• Data shown
━━━━━━━━━━━━━━━━━━━━━━━━━━━━━━

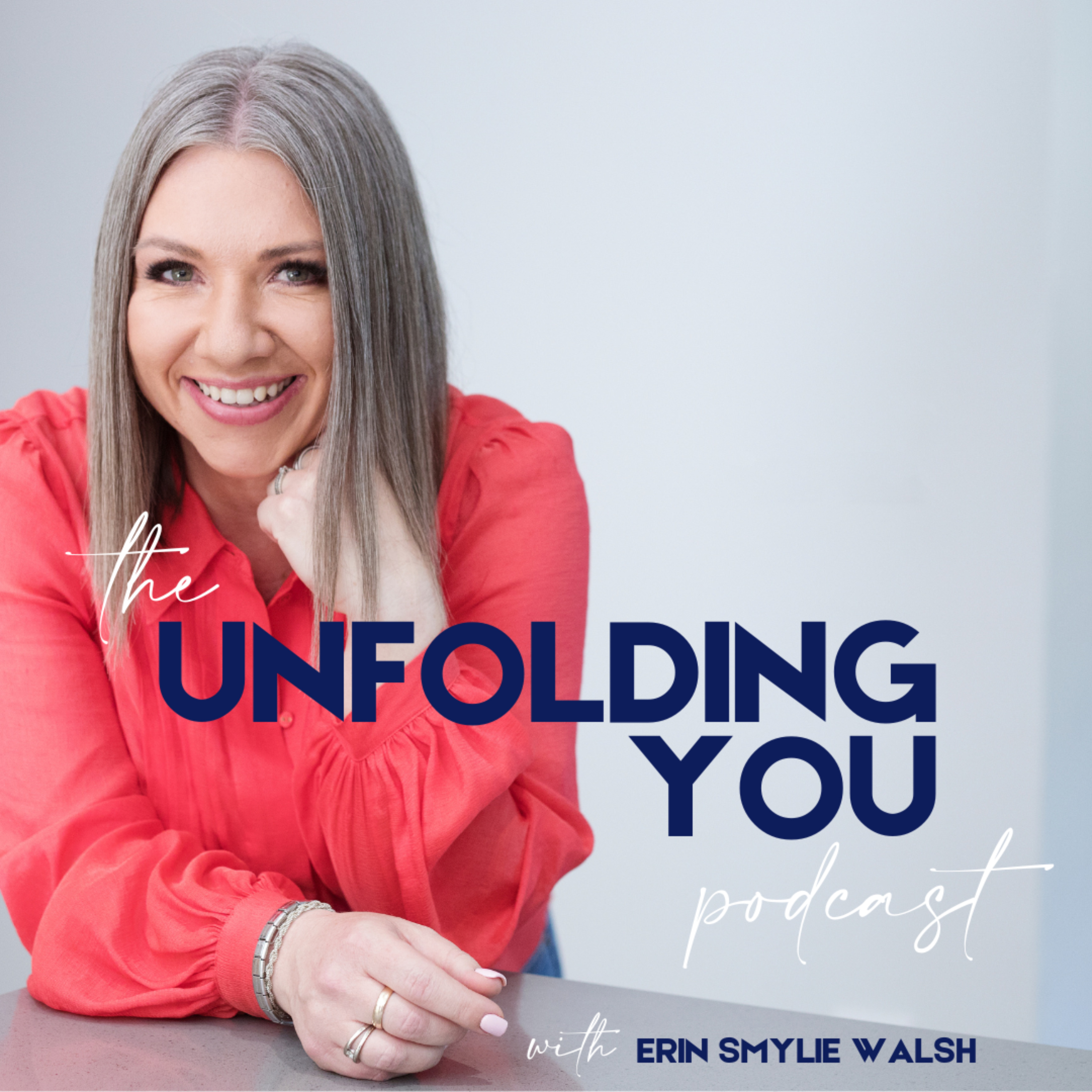 The Unfolding You Podcast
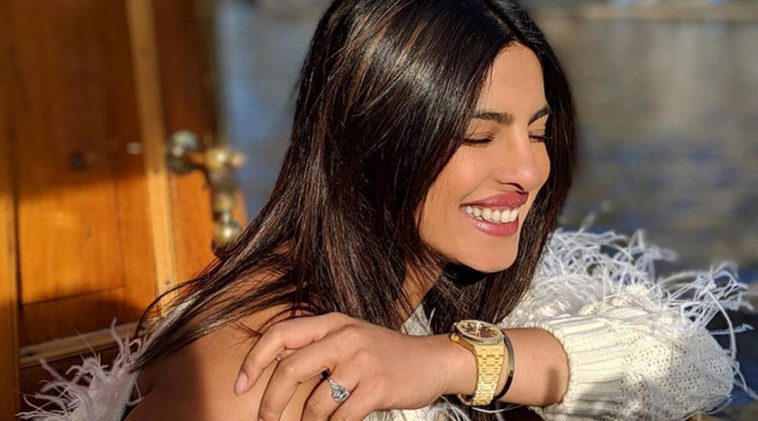 There Is Nothing Like ‘citadel’ On Tv, It’s High Scale: Priyanka
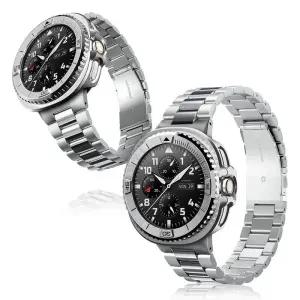 갤럭시워치8 클래식 베젤링 케이스 베젤튠프로 파일럿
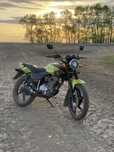 Racer tiger 250см3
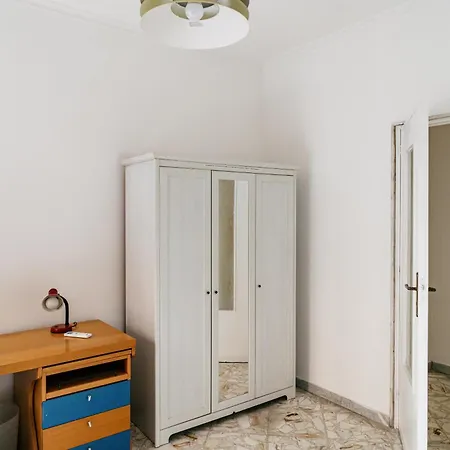 Apartment Casa Levante - Bari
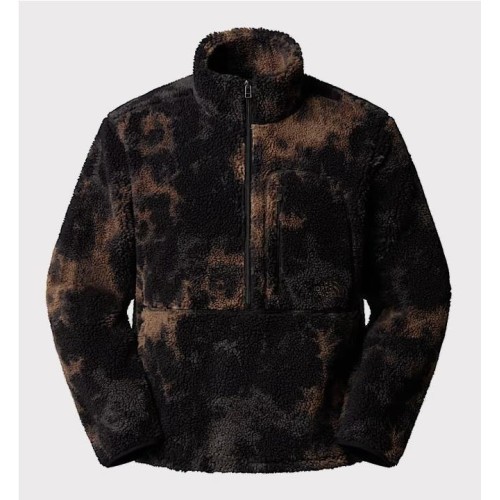 THE NORTH FACE EXTREME PLE JKT NEGRO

━━━━━━━━━━━━━━━━━━━━━━━━━━━━━━

• Exercise aim
Could you print all of the entries exactly, skipping the images?

• Written solution
 The Unfolding You Podcast
 There Is Nothing Like ‘citadel’ On Tv, It’s High Scale: Priyanka
 갤럭시워치8 클래식 베젤링 케이스 베젤튠프로 파일럿
 Racer tiger 250см3
 Apartment Casa Levante - Bari
 THE NORTH FACE EXTREME PLE JKT NEGRO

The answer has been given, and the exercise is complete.